Major political parties in Canada are starting to embrace policy reform that would allow private companies to transfer ownership to employees, making the idea a potential area of co-operation in the new minority government.
Employee ownership is common in the United States, where some 14 million participants hold a combined US$1.46-trillion in assets. Britain has also embraced it. The country enshrined employee ownership trusts (EOTs) in a 2014 tax reform, which has paved the way for hundreds of transactions.
The mechanics are fairly simple. A company sets up a trust to hold shares for its employees. The trust then usually secures a loan to purchase the shares, which is repaid from company earnings over time. In the U.S. model, employees receive shares in proportion to their seniority and pay, and then continue to accumulate them. By selling to their employees, a company’s owners are able to secure more favourable taxation of capital gains.
Employee ownership is associated with better company performance, stronger job protections and higher levels of job satisfaction. And the practice’s boosters point to its potential to reduce wealth inequality. It’s also a viable option in exit strategy planning – a pressing concern as entrepreneurs near retirement age. As of 2014, the most recent year for which figures are available, around half of the owners of Canadian medium-sized businesses (100 to 499 employees) were between 50 and 64.
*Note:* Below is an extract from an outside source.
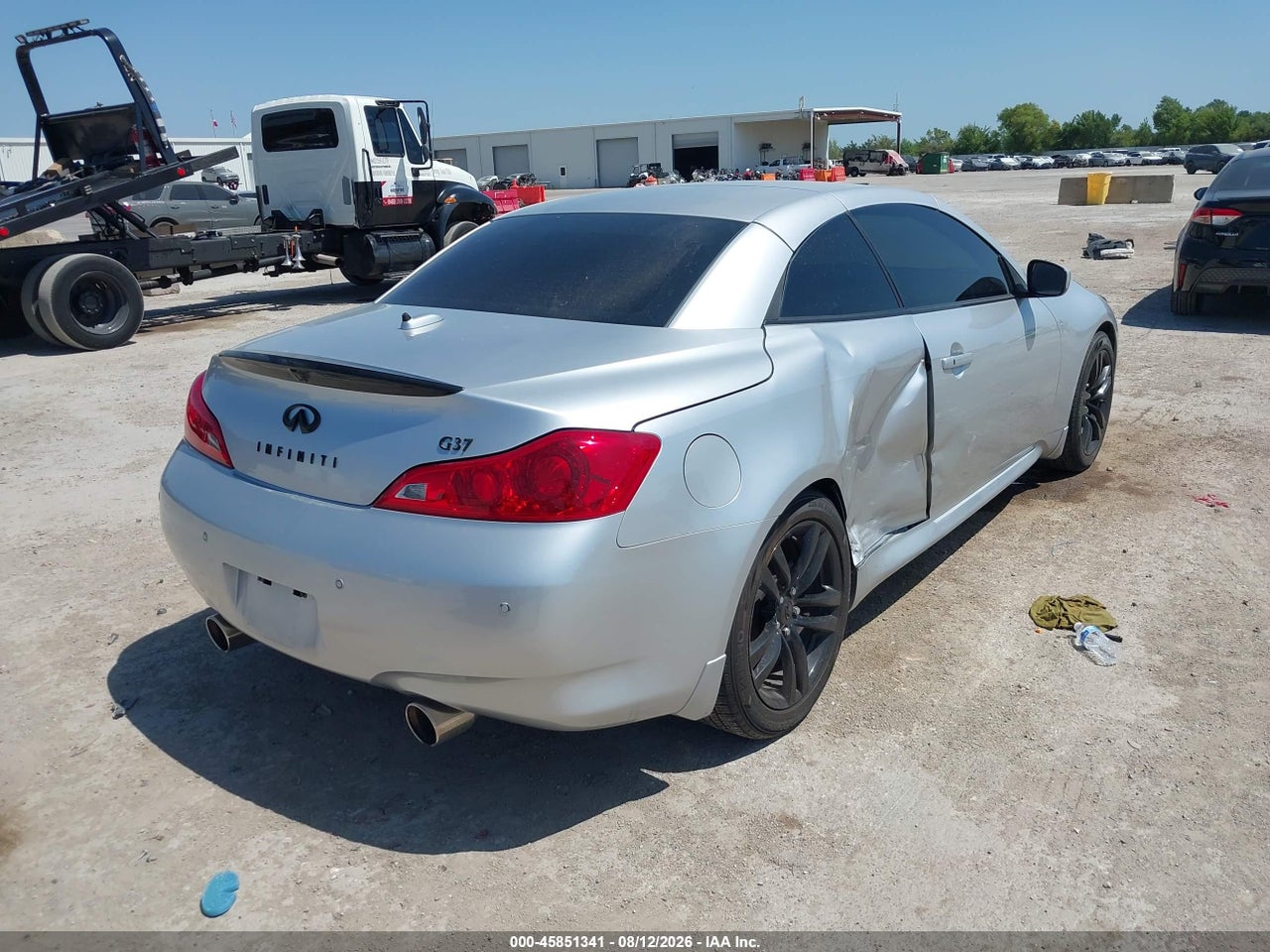 2010 INFINITI G37 · 4/11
The trouble is that there are several legal obstacles to instituting such ownership structures in Canada, including the fact that Ottawa doesn’t allow trusts to engage in leveraged buyouts on behalf of employees. But increasingly, it appears that politicians are willing to rewrite the tax code.
In its spring budget, the Liberal government said it would “examine” the barriers to creating EOTs. The Conservative Party recently went a step further. In its election platform, it pledged to allow the trusts to be established. And the party said that it would impart a tax advantage to sellers.
“This will take the form of a reduction in capital gains tax when the owner sells to a trust owned by the employees, enabling ownership to transfer to the people who have partnered in building the business,” the Tories’ platform said. “We will also ensure that BDC makes financing available to support these trusts,” it added, referencing the Business Development Bank of Canada, a Crown corporation.
The trust model is picking up momentum after a public campaign spearheaded by Jon Shell, managing director and partner at Social Capital Partners, a Toronto-based non-profit financing company. Earlier this year, SCP and the Healthcare of Ontario Pension Plan provided debt financing to transition Taylor Guitars, a San Diego–based guitar manufacturer, to employee ownership.
Mr. Shell has spoken with the Liberals and Conservatives about clearing the way for EOTs in Canada, and he’s optimistic it can happen under the new minority Liberal government, which will be looking for broad consensus on policy moves.
“It’s just one of those common sense, market-based solutions with huge, proven results,” he said. “And nobody in Canada’s ever heard of it.”
In Canada, there are existing forms of employee ownership. Stock options are a notable example, but they are usually given only to executives. The trust model, however, allows all employees to become company owners.
In the U.S., employees are able to accumulate company shares over time, which are cashed in at retirement or resignation. The Publix Super Markets chain, which has roughly 1,300 locations in the Southeastern U.S., has had a stock ownership plan for decades. The Atlanta Journal-Constitution reported in 2016 that a long-term employee cashed in more than US$1-million in company stock upon early retirement.
In Britain, employees who participate in EOTs are given annual bonuses out of company earnings, and they can each receive up to £3,600 ($6,250) tax-free every year.
Mr. Shell said he favours a hybrid approach that would allow Canadians to accumulate shares, but also to redeem some every year for additional pay. The key to making a domestic system work, he added, is to write EOTs explicitly into the tax code, while pairing them with tax incentives.
Even with a tax code that encourages EOTs, there would be cases where owners would want to bypass the trust model. They may simply get better deals from competitors or private-equity funds. Also, a seller may have to extend a significant amount of credit to its employees in a transaction. Paying that off could take time, and would be contingent on company performance.
Still, there appears to be an appetite for bringing EOTs to Canada. In a March survey, the Canadian Federation of Independent Business found that roughly six in 10 small business owners supported adopting the trust model. Around half of respondents said it would make them more likely to sell to their employees.